Watches & Wonders 2026: the new Rolex watches worth knowing about

A century is a long time to be right. In 1926, Rolex introduced the Oyster, the world’s first waterproof wristwatch, and proceeded to build an entire universe of nomenclature around it: Oystersteel, Oyster bracelet, Oysterflex, Oyster Perpetual. If you own a Rolex, there is a very good chance you own a piece of that legacy. At Watches & Wonders 2026 in Geneva, the house marked the centenary not with a single commemorative release but with a broad, considered sweep of its portfolio, threading the anniversary story through almost every model family on the table. The result is a collection that feels simultaneously like a celebration and a statement of intent.

The Oyster Perpetual 41: the watch that says “100 years” and means it

The centenary flagship is disarmingly understated for something carrying this much symbolic weight. The Oyster Perpetual 41 arrives in yellow Rolesor, pairing an Oystersteel case and bracelet with a yellow gold bezel and crown. The dial is slate grey with a sunray finish, the Rolex logo rendered in green, and the hour plots picked out in gold. At six o’clock, where “Swiss Made” would ordinarily sit, the dial reads “100 years.” The crown is engraved with the same inscription. It is, for Rolex, a remarkably direct declaration. The brand rarely shouts. This is, by its standards, a megaphone.

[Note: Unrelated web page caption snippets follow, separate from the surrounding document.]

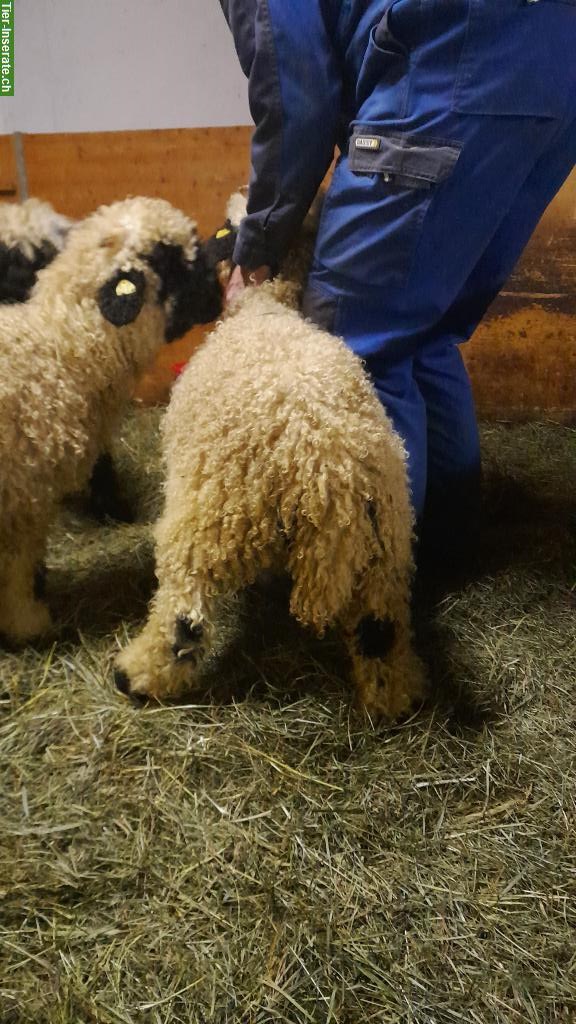Bild 4: Walliser Schwarznasenschafe Zuchtlämmer zu verkaufen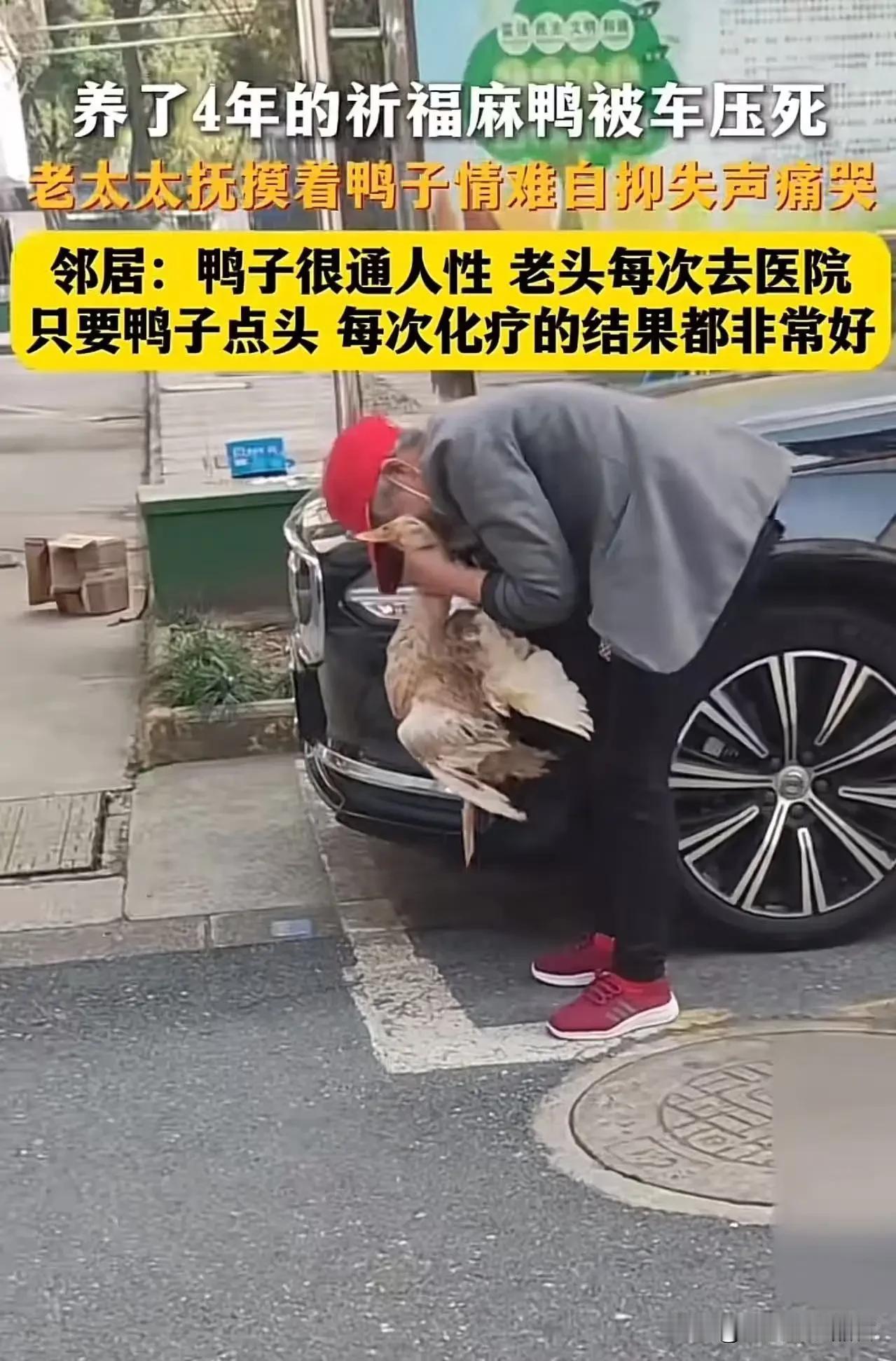 江苏昆山，养了4年的祈福麻鸭被车压死，老太太抚摸着鸭子情难自抑失声痛哭！邻居：鸭
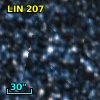 LIN 207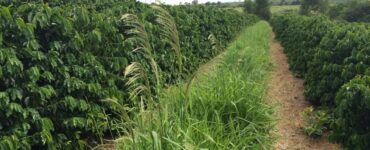 Plantas daninhas em meio a lavoura de café
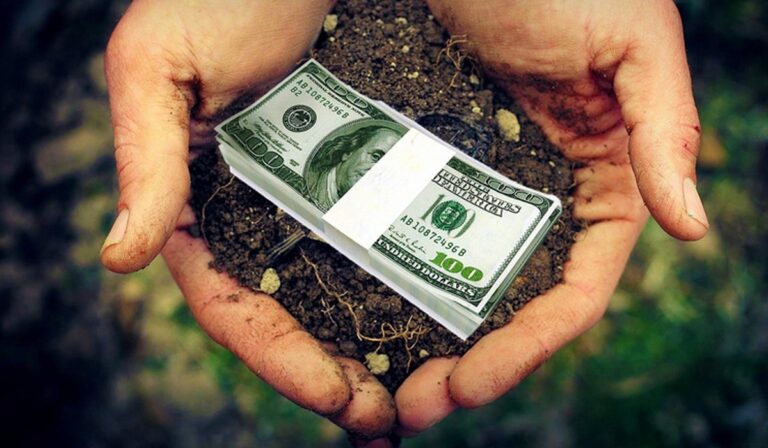 Середня ціна 1 га землі в Україні становить понад 38 тис. грн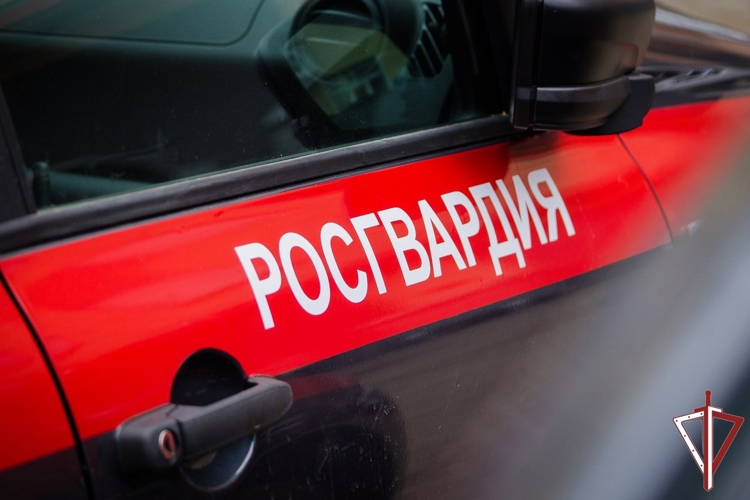 В Самарской области росгвардейцы задержали подозреваемого в краже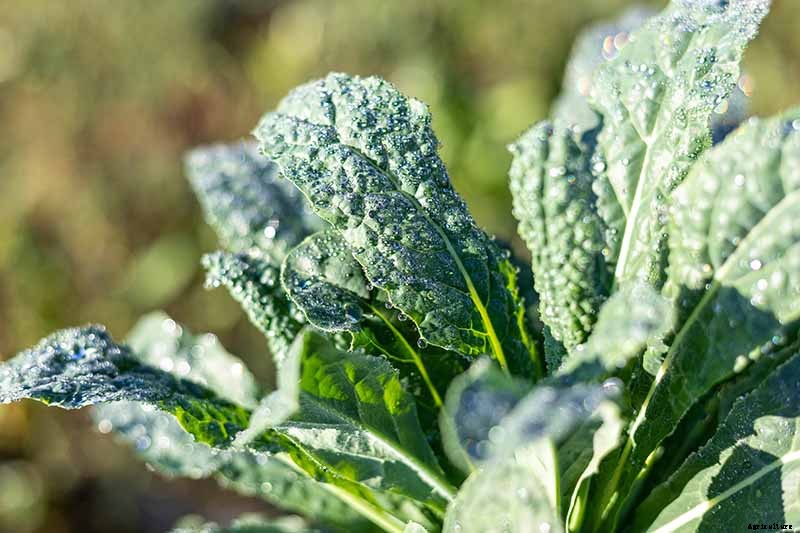 Is Kale an Annual or a Perennial?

Oyster Perpetual 36: the Jubilee dial that will be very hard to get

If the centenary OP 41 is the official commemorative model, the Oyster Perpetual 36 Jubilee Edition is the one that collectors will lose sleep over. The dial is a lacquer rainbow, built around the Jubilee motif that traces its lineage to celebratory models from the late 1970s. Each colour, and there are many, is applied individually, layer by layer. The technical patience required to achieve something that looks this deliberately exuberant is, characteristically, something Rolex will never fully explain. At 36mm in Oystersteel, it fits most wrists. The production, almost certainly, will not fit most waitlists.

Daytona 126502 Rolesium: a first for the chronograph

The Cosmograph Daytona has never appeared in Rolesium, the combination of Oystersteel and platinum that Rolex deploys when it wants to occupy a register between steel and full precious metal. That changes in 2026. The reference 126502 pairs the 40mm case with a white Grand Feu enamel dial, a material choice that immediately elevates the reading experience: enamel has a depth and warmth that printed or lacquer dials simply cannot replicate. The bezel is a newly developed anthracite ceramic, with recessed tachymetre graduations coated in platinum. The caseback is open, revealing the Calibre 4131 beneath. For a model line that trades heavily on heritage, this is a surprisingly experimental combination. The restraint of the grey and white palette makes it work.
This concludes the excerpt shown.